Vollkommen verfehlt seien die Pläne der CFR auch im Zusammenhang mit dem Ostbahnhof. Dessen frühere Nutzung durch die großen Industriegebiete des Sozialismus sei nicht mehr aktuell, so dass gegenwärtig der Bahnhof mit seinen insgesamt 15 Gleisen nichts anderes sei als ein großer „Parkplatz“ für Güterzüge. Dem Güterverkehr diene der Bahnhof sehr wohl, für die Bürger sei er jedoch ein großes Hindernis, weil es nicht einmal eine Fußgänger-Unterführung gäbe, wie überall auf der Welt. Man hätte weiter ostwärts einen Rangierbahnhof für die Bedürfnisse des Güterverkehrs bauen müssen, im Bereich des Ostbahnhofs die Anzahl der Gleise auf 4 kürzen und eine Unterführung für Autos, Radfahrer und Fußgänger bauen können. Das von den Gleisen befreite Gelände hätte man gewinnbringend verkaufen und damit den Bau der Unterführung finanzieren können. Die CFR wollte es sich aber einfach machen, so das Fazit des „Pro Infrastructură“-Vereins.
Auch könne man nicht verstehen, warum die Erhöhung der Gleise zwischen dem Hauptbahnhof und der Popa-Șapcă-Straße beibehalten werde. Die Stadt werde weiterhin in zwei geteilt, obwohl es modernere Lösungsansätze gäbe, die auch diskutiert wurden. Die CFR habe sich für die kurzfristig einfachere Lösung entschieden, die Stadt werde jedoch Jahrzehnte lang an diesen Fehlentscheidungen leiden, die an die 1970er Jahre erinnern.
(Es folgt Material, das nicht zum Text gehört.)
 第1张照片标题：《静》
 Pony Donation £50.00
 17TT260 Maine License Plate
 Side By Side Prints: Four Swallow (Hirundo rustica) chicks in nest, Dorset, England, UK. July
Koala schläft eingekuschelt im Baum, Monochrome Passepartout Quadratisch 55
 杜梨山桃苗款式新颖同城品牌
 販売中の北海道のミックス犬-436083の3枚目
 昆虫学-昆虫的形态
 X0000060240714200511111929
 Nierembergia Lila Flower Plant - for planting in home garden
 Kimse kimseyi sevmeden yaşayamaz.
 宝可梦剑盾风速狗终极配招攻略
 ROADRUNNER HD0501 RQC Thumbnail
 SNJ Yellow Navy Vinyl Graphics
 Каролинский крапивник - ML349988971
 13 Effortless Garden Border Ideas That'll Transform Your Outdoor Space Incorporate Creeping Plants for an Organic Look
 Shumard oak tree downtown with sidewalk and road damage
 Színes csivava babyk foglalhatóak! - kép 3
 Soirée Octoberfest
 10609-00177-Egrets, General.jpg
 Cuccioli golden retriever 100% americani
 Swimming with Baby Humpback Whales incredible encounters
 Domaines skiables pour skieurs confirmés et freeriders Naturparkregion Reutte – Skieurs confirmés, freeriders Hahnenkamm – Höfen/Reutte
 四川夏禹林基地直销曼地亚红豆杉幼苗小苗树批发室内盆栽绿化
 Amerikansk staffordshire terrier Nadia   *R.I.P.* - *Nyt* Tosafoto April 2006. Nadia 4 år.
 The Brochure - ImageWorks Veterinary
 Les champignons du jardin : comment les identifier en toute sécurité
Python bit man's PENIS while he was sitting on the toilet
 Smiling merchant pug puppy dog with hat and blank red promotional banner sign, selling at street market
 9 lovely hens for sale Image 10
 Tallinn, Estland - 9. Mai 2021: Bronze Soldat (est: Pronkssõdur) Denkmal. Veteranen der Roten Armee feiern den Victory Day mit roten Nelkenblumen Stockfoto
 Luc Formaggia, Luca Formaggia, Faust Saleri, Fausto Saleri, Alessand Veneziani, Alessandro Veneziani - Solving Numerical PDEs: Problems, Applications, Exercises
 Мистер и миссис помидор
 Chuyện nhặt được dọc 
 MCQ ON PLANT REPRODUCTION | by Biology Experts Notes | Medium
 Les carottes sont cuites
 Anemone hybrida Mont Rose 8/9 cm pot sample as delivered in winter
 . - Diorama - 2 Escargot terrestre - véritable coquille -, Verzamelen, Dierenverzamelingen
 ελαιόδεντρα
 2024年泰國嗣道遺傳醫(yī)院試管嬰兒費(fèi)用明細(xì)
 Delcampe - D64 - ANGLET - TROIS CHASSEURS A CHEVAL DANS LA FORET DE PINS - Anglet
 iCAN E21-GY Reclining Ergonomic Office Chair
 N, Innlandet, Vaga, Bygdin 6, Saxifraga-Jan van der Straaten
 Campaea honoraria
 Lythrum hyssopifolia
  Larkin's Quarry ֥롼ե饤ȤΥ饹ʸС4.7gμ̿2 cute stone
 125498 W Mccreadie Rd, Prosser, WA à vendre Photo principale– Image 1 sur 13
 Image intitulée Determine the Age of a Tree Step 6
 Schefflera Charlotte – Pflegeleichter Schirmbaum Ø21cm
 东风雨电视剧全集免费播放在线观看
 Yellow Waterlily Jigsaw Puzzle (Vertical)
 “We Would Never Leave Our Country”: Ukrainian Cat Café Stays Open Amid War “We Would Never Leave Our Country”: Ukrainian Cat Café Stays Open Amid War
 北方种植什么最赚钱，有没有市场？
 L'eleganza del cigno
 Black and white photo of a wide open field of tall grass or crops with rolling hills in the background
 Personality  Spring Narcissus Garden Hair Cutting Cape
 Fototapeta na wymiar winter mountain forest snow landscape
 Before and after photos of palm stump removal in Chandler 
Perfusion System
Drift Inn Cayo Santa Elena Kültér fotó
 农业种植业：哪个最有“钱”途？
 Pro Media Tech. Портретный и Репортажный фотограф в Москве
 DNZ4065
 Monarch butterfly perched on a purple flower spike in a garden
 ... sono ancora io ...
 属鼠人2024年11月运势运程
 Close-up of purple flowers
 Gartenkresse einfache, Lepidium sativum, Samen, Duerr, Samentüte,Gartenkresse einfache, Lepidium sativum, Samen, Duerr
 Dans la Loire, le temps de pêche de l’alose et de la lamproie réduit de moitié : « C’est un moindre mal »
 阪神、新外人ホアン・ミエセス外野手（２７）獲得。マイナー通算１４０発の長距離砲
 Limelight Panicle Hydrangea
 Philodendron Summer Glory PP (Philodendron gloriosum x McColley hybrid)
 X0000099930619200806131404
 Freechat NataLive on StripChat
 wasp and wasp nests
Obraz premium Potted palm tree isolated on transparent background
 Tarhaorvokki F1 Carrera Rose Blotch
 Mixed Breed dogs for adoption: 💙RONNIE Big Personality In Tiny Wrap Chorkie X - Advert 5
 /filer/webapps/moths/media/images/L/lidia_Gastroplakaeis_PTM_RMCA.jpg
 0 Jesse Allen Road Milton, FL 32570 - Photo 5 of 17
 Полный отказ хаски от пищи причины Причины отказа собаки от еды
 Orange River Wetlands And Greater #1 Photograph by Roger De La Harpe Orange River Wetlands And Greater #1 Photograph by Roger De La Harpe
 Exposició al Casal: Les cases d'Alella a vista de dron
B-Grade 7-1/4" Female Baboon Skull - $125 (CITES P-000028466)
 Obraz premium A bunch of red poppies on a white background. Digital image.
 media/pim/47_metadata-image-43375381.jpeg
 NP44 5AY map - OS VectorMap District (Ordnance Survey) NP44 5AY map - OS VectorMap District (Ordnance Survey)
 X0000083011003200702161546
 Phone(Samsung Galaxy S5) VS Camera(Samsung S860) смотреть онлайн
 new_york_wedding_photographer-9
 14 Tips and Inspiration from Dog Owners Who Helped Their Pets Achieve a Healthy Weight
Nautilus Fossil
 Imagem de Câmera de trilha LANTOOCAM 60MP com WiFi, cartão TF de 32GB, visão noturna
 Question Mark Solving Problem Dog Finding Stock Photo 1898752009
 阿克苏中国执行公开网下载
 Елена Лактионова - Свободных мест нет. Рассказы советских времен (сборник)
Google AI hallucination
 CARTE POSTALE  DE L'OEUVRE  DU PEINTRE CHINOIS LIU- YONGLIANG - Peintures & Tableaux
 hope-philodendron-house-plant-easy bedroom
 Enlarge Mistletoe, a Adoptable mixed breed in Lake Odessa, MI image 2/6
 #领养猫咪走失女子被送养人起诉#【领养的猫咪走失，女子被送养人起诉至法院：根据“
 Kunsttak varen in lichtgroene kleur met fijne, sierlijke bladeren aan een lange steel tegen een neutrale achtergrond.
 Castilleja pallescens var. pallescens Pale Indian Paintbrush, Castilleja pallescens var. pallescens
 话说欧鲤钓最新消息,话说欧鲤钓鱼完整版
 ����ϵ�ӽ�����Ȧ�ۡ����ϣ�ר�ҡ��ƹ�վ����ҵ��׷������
Man hätte überhaupt keine Überführungen für den Autoverkehr bauen müssen, sondern Unterführungen, diese seien eleganter und würden das Stadtbild nicht derart stören. Dafür hätte sich natürlich die Stadtverwaltung einsetzen müssen, aber man scheint sich im Bürgermeisteramt nicht allzu viele Gedanken über dieses folgenschwere Vorhaben gemacht zu haben.
Verkehrsminister Sorin Grindeanu, ein gebürtiger Karansebescher, der in Temeswar lebt, solle sich um seine Stadt kümmern und die CFR dazu bewegen, einige Planungsfehler dringend zu korrigieren. Dies sei noch möglich, auch wenn der Vertrag mit dem ausführenden Baukonsortium unterschrieben wurde. Da viele Details noch ausgearbeitet werden müssen, kann einiges noch zurechtgebogen werden.